Kubernetes
PassAudited by ClawScan on May 1, 2026.
Overview
This is a coherent instruction-only Kubernetes manifest helper; its noteworthy risks are normal ones around trusting installation sources and carefully handling generated Secret manifests.
This skill appears safe for generating Kubernetes YAML. Before installing, trust the source of the install command; before using outputs, review any Ingress or LoadBalancer exposure and handle Secrets through a secure secret-management process rather than committing plaintext values.
Findings (2)
Artifact-based informational review of SKILL.md, metadata, install specs, static scan signals, and capability signals. ClawScan does not execute the skill or run runtime probes.
Running an install command from a remote source can add or update local agent skill files.
The README offers a user-directed install from a moving GitHub tree path; this is expected installation documentation, but the source should be trusted before running it.

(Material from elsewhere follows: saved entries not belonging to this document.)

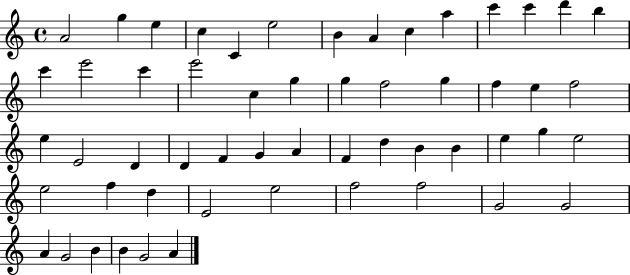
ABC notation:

X:1
T:Untitled
M:4/4
L:1/4
K:C
A2 g e c C e2 B A c a c' c' d' b c' e'2 c' e'2 c g g f2 g f e f2 e E2 D D F G A F d B B e g e2 e2 f d E2 e2 f2 f2 G2 G2 A G2 B B G2 A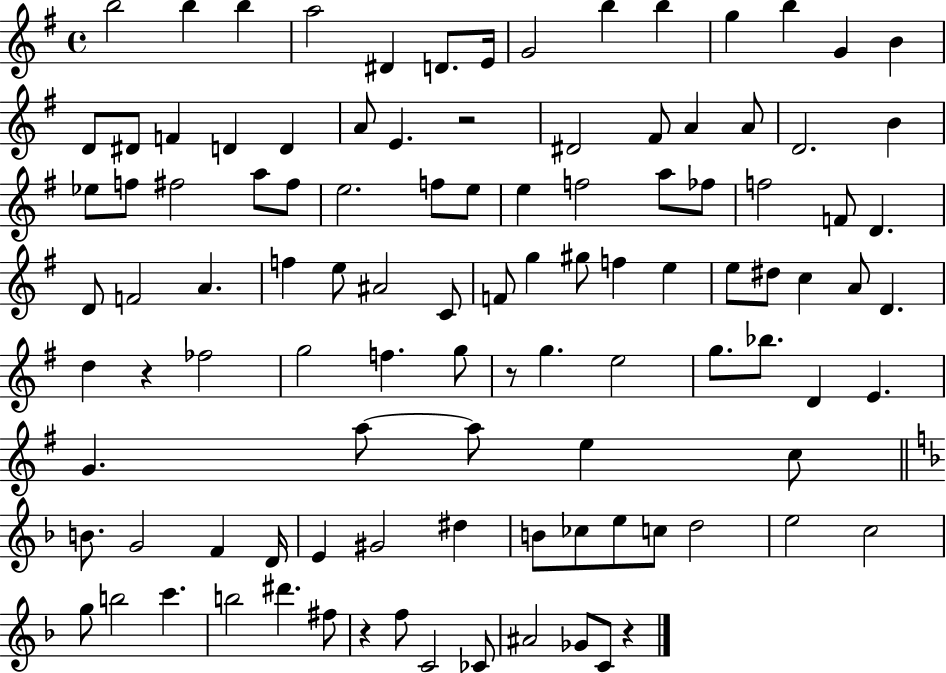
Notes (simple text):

B5/h B5/q B5/q A5/h D#4/q D4/e. E4/s G4/h B5/q B5/q G5/q B5/q G4/q B4/q D4/e D#4/e F4/q D4/q D4/q A4/e E4/q. R/h D#4/h F#4/e A4/q A4/e D4/h. B4/q Eb5/e F5/e F#5/h A5/e F#5/e E5/h. F5/e E5/e E5/q F5/h A5/e FES5/e F5/h F4/e D4/q. D4/e F4/h A4/q. F5/q E5/e A#4/h C4/e F4/e G5/q G#5/e F5/q E5/q E5/e D#5/e C5/q A4/e D4/q. D5/q R/q FES5/h G5/h F5/q. G5/e R/e G5/q. E5/h G5/e. Bb5/e. D4/q E4/q. G4/q. A5/e A5/e E5/q C5/e B4/e. G4/h F4/q D4/s E4/q G#4/h D#5/q B4/e CES5/e E5/e C5/e D5/h E5/h C5/h G5/e B5/h C6/q. B5/h D#6/q. F#5/e R/q F5/e C4/h CES4/e A#4/h Gb4/e C4/e R/q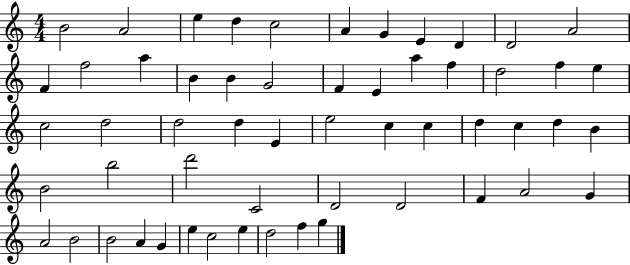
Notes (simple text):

B4/h A4/h E5/q D5/q C5/h A4/q G4/q E4/q D4/q D4/h A4/h F4/q F5/h A5/q B4/q B4/q G4/h F4/q E4/q A5/q F5/q D5/h F5/q E5/q C5/h D5/h D5/h D5/q E4/q E5/h C5/q C5/q D5/q C5/q D5/q B4/q B4/h B5/h D6/h C4/h D4/h D4/h F4/q A4/h G4/q A4/h B4/h B4/h A4/q G4/q E5/q C5/h E5/q D5/h F5/q G5/q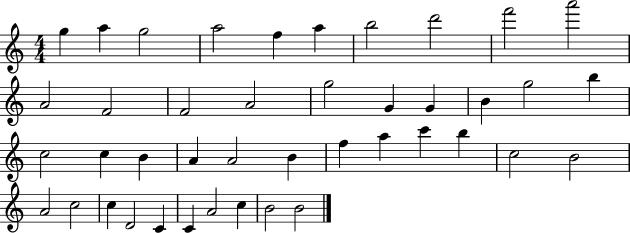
{
  \clef treble
  \numericTimeSignature
  \time 4/4
  \key c \major
  g''4 a''4 g''2 | a''2 f''4 a''4 | b''2 d'''2 | f'''2 a'''2 | \break a'2 f'2 | f'2 a'2 | g''2 g'4 g'4 | b'4 g''2 b''4 | \break c''2 c''4 b'4 | a'4 a'2 b'4 | f''4 a''4 c'''4 b''4 | c''2 b'2 | \break a'2 c''2 | c''4 d'2 c'4 | c'4 a'2 c''4 | b'2 b'2 | \break \bar "|."
}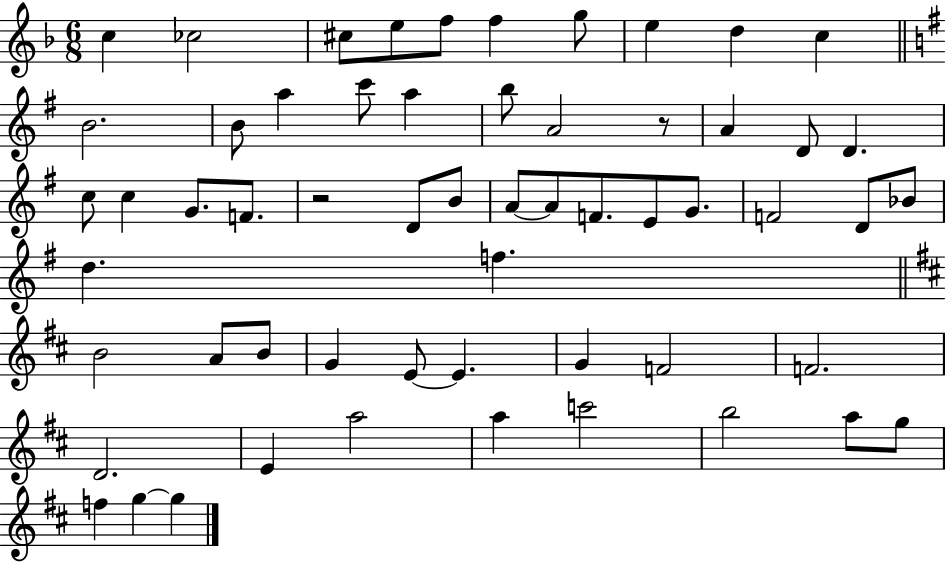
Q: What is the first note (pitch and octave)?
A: C5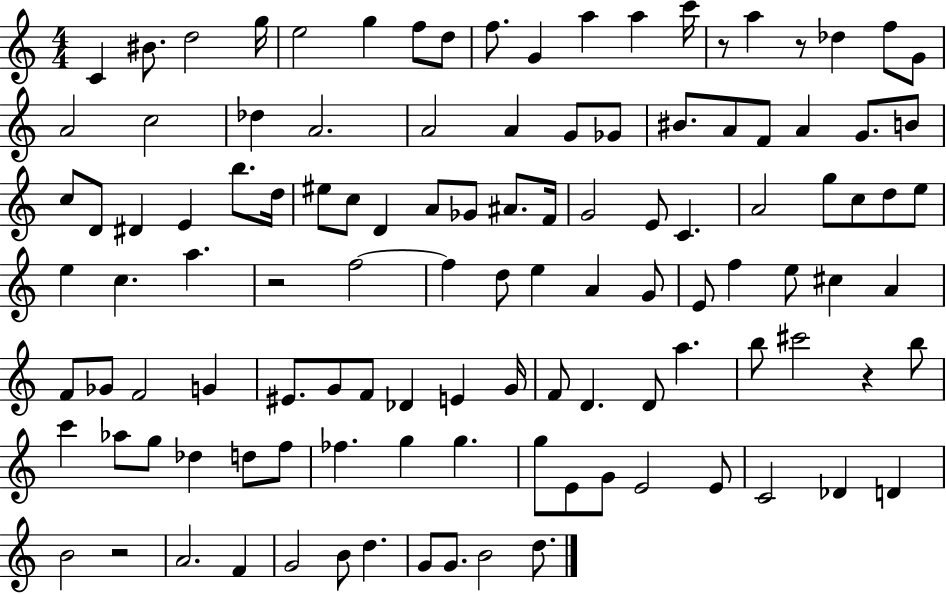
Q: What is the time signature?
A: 4/4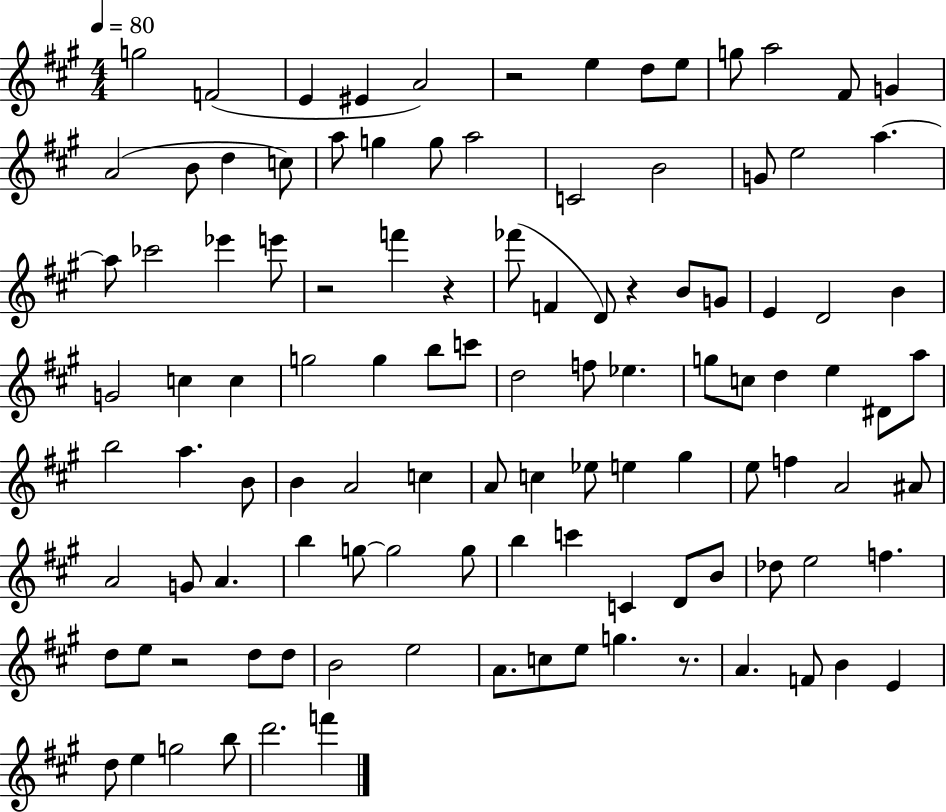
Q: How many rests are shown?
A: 6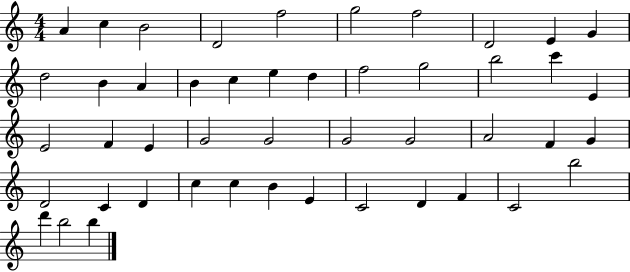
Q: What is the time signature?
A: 4/4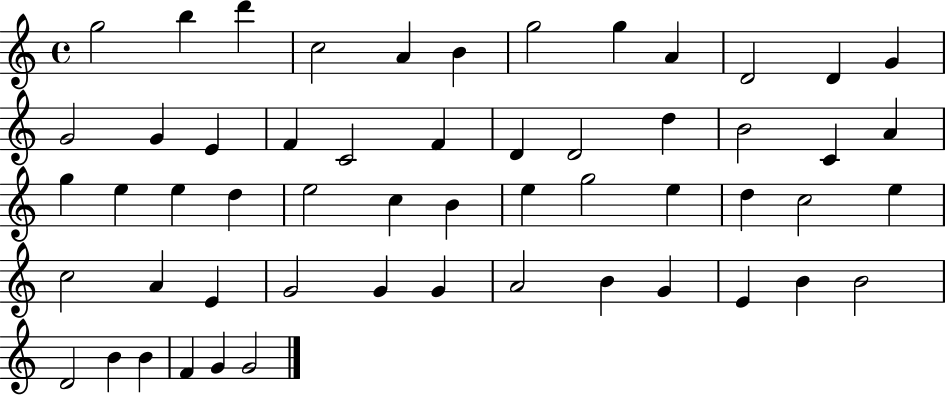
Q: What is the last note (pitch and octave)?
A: G4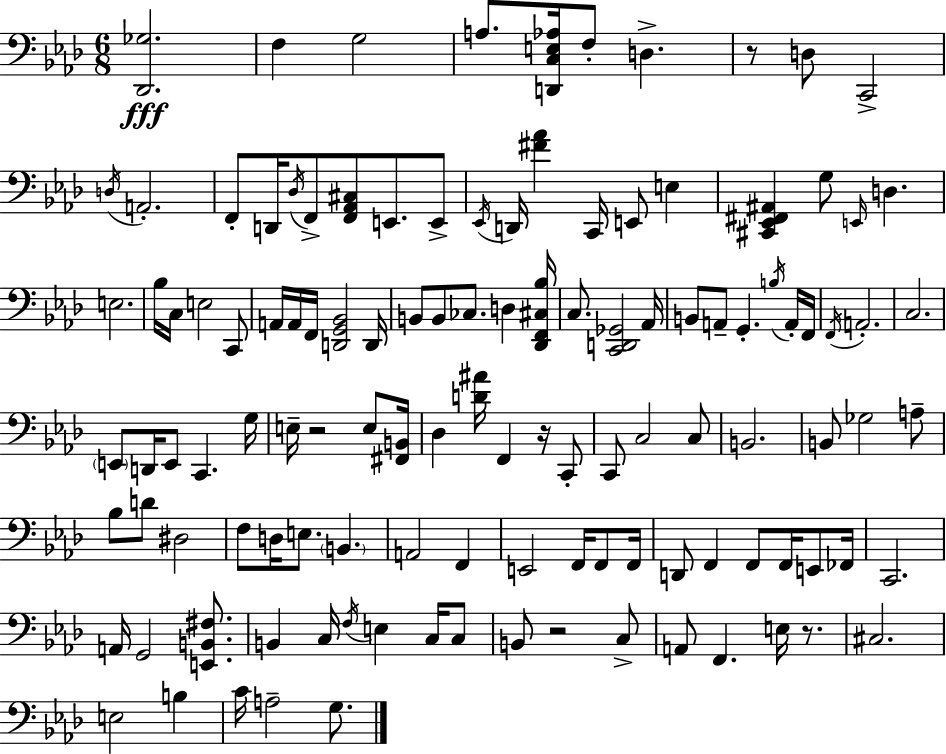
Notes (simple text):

[Db2,Gb3]/h. F3/q G3/h A3/e. [D2,C3,E3,Ab3]/s F3/e D3/q. R/e D3/e C2/h D3/s A2/h. F2/e D2/s Db3/s F2/e [F2,Ab2,C#3]/e E2/e. E2/e Eb2/s D2/s [F#4,Ab4]/q C2/s E2/e E3/q [C#2,Eb2,F#2,A#2]/q G3/e E2/s D3/q. E3/h. Bb3/s C3/s E3/h C2/e A2/s A2/s F2/s [D2,G2,Bb2]/h D2/s B2/e B2/e CES3/e. D3/q [Db2,F2,C#3,Bb3]/s C3/e. [C2,D2,Gb2]/h Ab2/s B2/e A2/e G2/q. B3/s A2/s F2/s F2/s A2/h. C3/h. E2/e D2/s E2/e C2/q. G3/s E3/s R/h E3/e [F#2,B2]/s Db3/q [D4,A#4]/s F2/q R/s C2/e C2/e C3/h C3/e B2/h. B2/e Gb3/h A3/e Bb3/e D4/e D#3/h F3/e D3/s E3/e. B2/q. A2/h F2/q E2/h F2/s F2/e F2/s D2/e F2/q F2/e F2/s E2/e FES2/s C2/h. A2/s G2/h [E2,B2,F#3]/e. B2/q C3/s F3/s E3/q C3/s C3/e B2/e R/h C3/e A2/e F2/q. E3/s R/e. C#3/h. E3/h B3/q C4/s A3/h G3/e.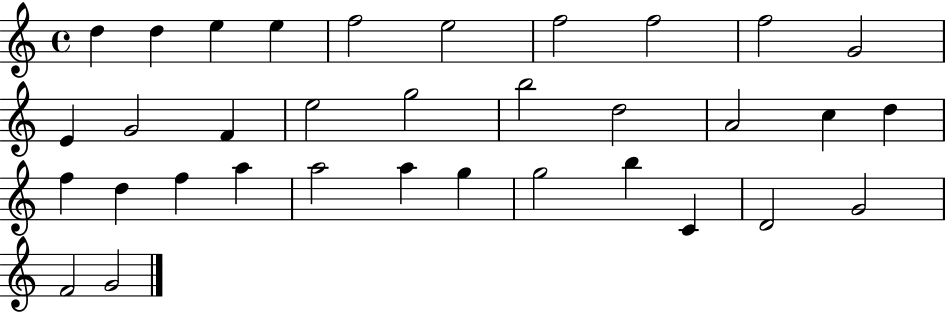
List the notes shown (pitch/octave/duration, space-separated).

D5/q D5/q E5/q E5/q F5/h E5/h F5/h F5/h F5/h G4/h E4/q G4/h F4/q E5/h G5/h B5/h D5/h A4/h C5/q D5/q F5/q D5/q F5/q A5/q A5/h A5/q G5/q G5/h B5/q C4/q D4/h G4/h F4/h G4/h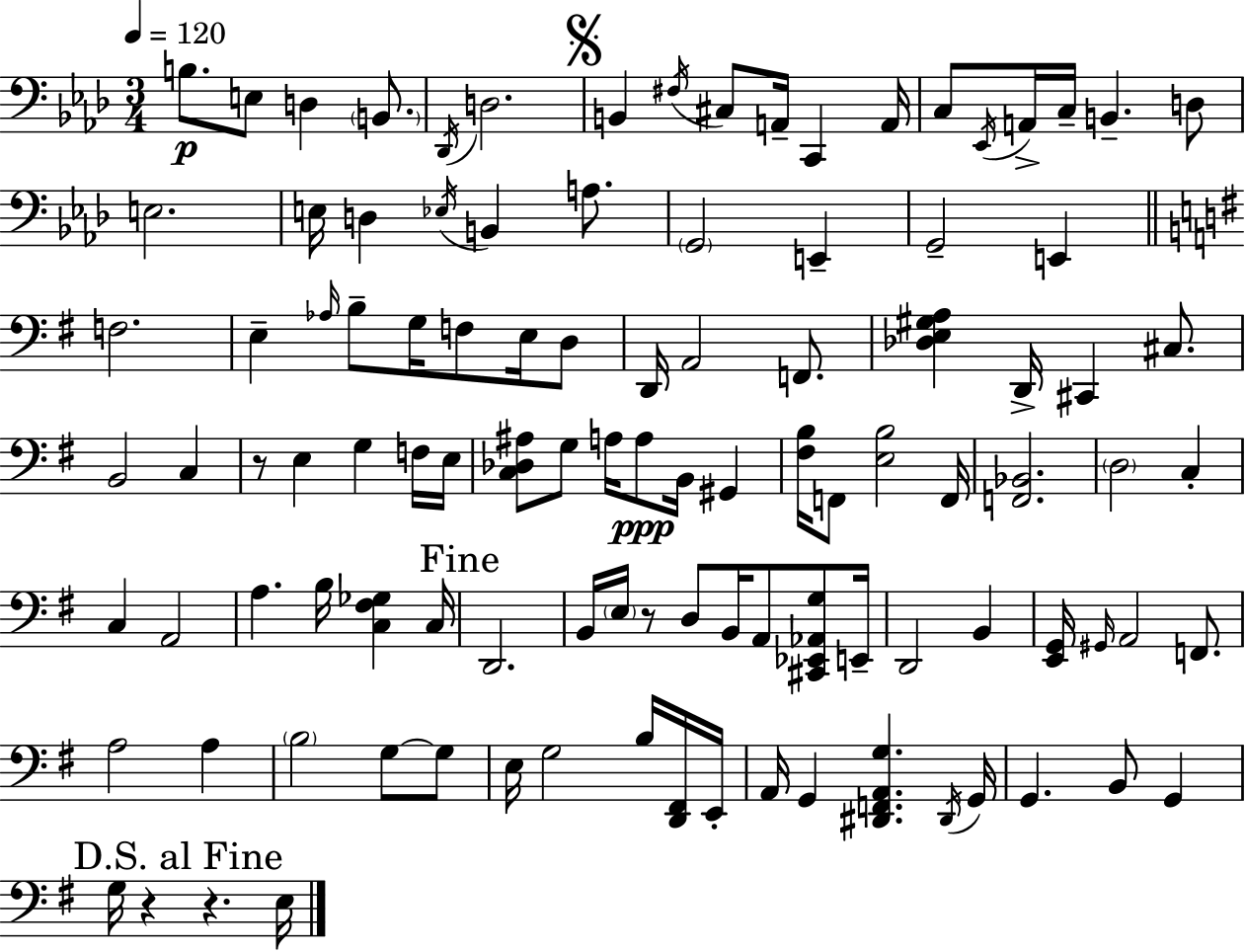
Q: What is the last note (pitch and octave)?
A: E3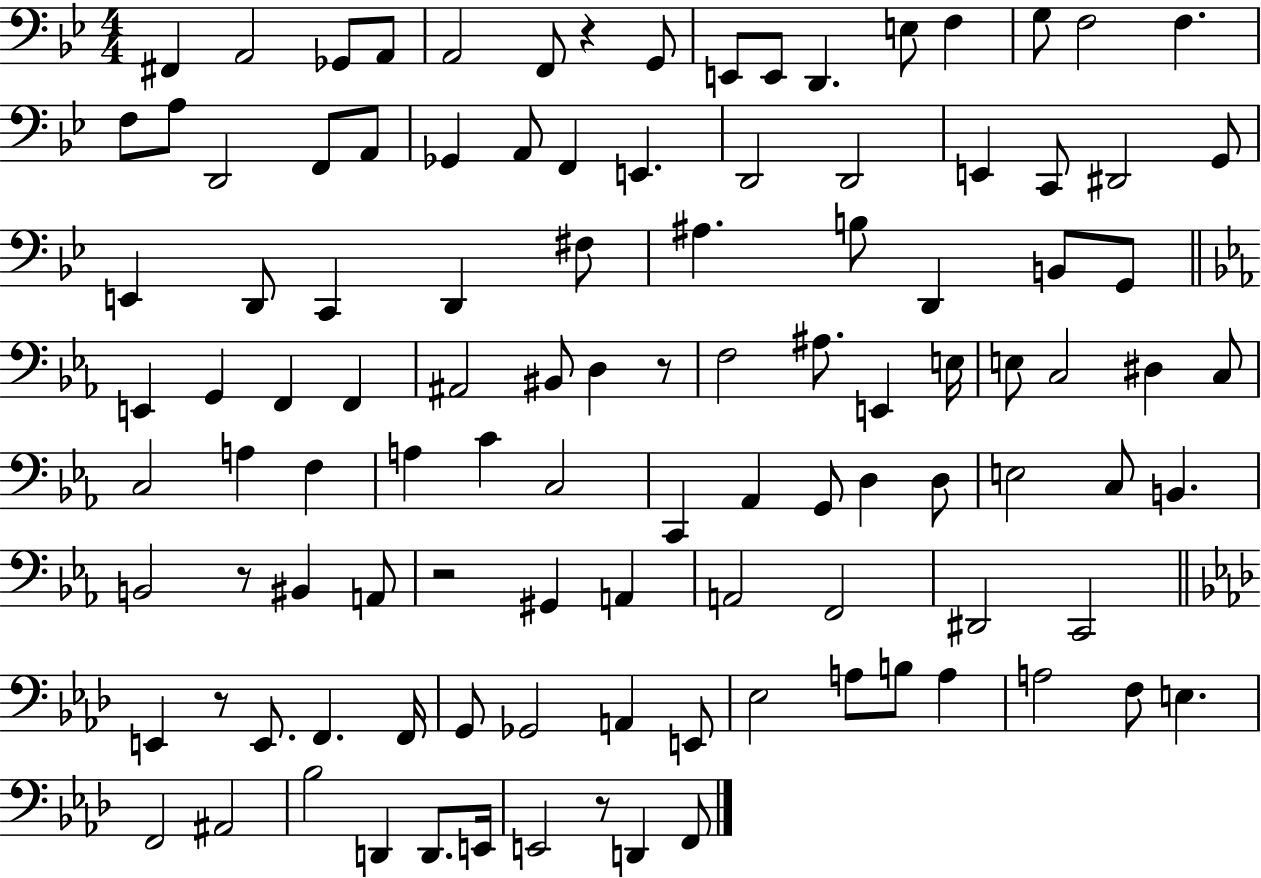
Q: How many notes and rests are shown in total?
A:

npx add https://github.com/wpank/ai/tree/main/skills/devops/kubernetes
Install from a trusted registry or reviewed source, and prefer pinned or verified sources when available.
If real credentials are placed into generated YAML and committed or shared, they could be exposed.
The skill includes Kubernetes Secret manifest examples that may be replaced with real credentials; the artifact also gives appropriate warnings against committing plaintext secrets.
type: Opaque stringData: DATABASE_PASSWORD: "changeme" API_KEY: "secret-api-key" ... Never commit secrets to Git in plain text
Use placeholders during generation and use Sealed Secrets, External Secrets Operator, Vault, or another approved secret-management workflow for production.